Enfin, quelles réponses précises apporte Durkheim à la question de la sociologie de la pédagogie, de la didactique, et de l’apprentissage ? Ou encore à la question du savoir pour tou.te.s, à laquelle il s’attaque dès 1883, contre Marx, dans son discours de jeune  agrégé aux lycéens de Sens         (« Personne ne doit rester à l’écart de la chaleur de la science », leur confie-t-il comme mission pour leur vie professorale future – et cette injonction républicaine de Durkheim va bien au-delà du monde élitiste des lycées de l’époque) ?
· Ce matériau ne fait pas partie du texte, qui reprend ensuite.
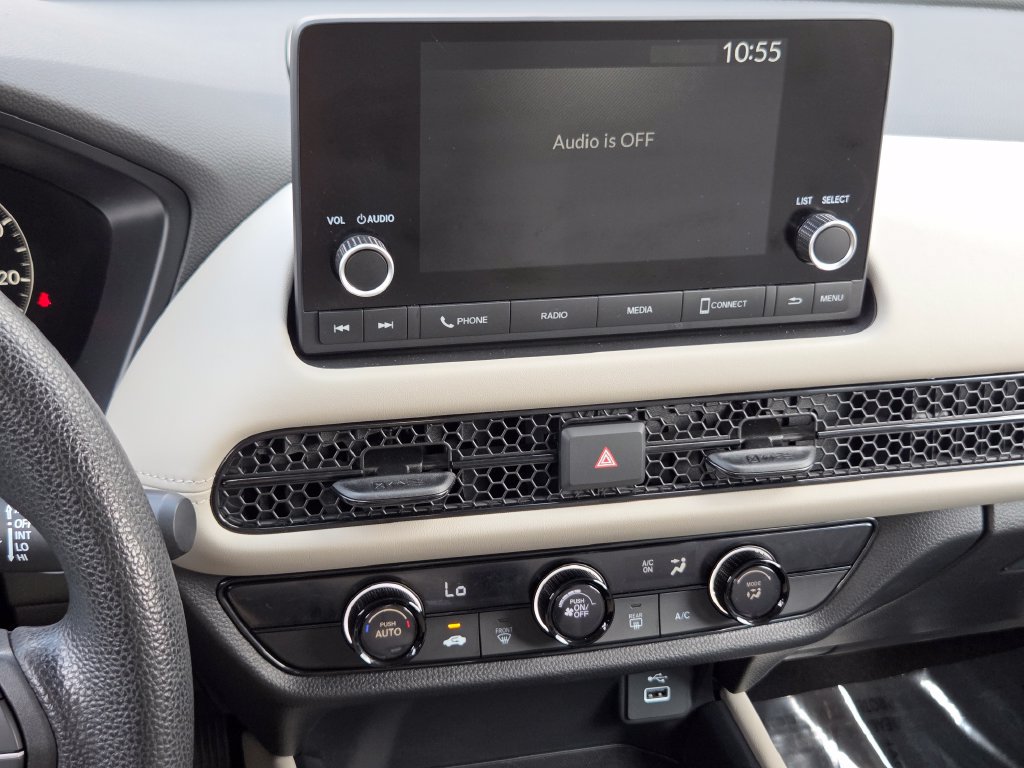 Used 2024 Honda HR-V LX image 32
On le voit, les multiples questions posées par la formation universitaire des enseignant.e.s et personnels éducatifs via Durkheim, L’EPF et la sociologie, sont d’une haute portée. L’exemple de cette formation, caractérisée notamment par ses publics, ses institutions et ses contenus, est sans doute l’un des thèmes de prédilection de ces journées. Elle sert de révélateur à ce que peuvent être aujourd’hui la sociologie de l’éducation, la pédagogie scientifique, mais aussi la sociologie générale.